Patchett leads us to a truth that feels like life rather than literature’ Guardian
In the spring of 2020, Lara’s three daughters return to the family’s orchard in Northern Michigan. While picking cherries, they beg their mother to tell them the story of Peter Duke, a famous actor with whom she shared both a stage and a romance years before at a theater company called Tom Lake. As Lara recalls the past, her daughters examine their own lives and relationship with their mother, and are forced to reconsider the world and everything they thought they knew.
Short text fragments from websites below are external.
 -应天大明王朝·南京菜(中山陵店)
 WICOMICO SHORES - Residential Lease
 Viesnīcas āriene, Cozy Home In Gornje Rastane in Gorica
Tom Lake is a meditation on youthful love, married love, and the lives parents have led before their children were born. Both hopeful and elegiac, it explores what it means to be happy even when the world is falling apart. As in all of her novels, Ann Patchett combines compelling narrative artistry with piercing insights into family dynamics. The result is a rich and luminous story, told with profound intelligence and emotional subtlety, that demonstrates once again why she is one of the most revered and acclaimed literary talents working today.
About the author:
Ann Patchett is the author of eight novels and three works of non-fiction. Her most recent novel The Dutch House was a New York Times and Sunday Times bestseller, and longlisted for the 2020 Women’s Prize. In 2002 she won the Orange Prize for Fiction with Bel Canto, a prize she has also twice been shortlisted for with The Magician’s Assistant in 1998 and State of Wonder in 2012.
She is also the winner of the PEN/Faulkner Award and was named one of Time magazine’s 100 Most Influential People in the World in 2012. Her work has been translated into more than thirty languages. She is the co-owner of Parnassus Books in Nashville, Tennessee, where she lives with her husband, Karl.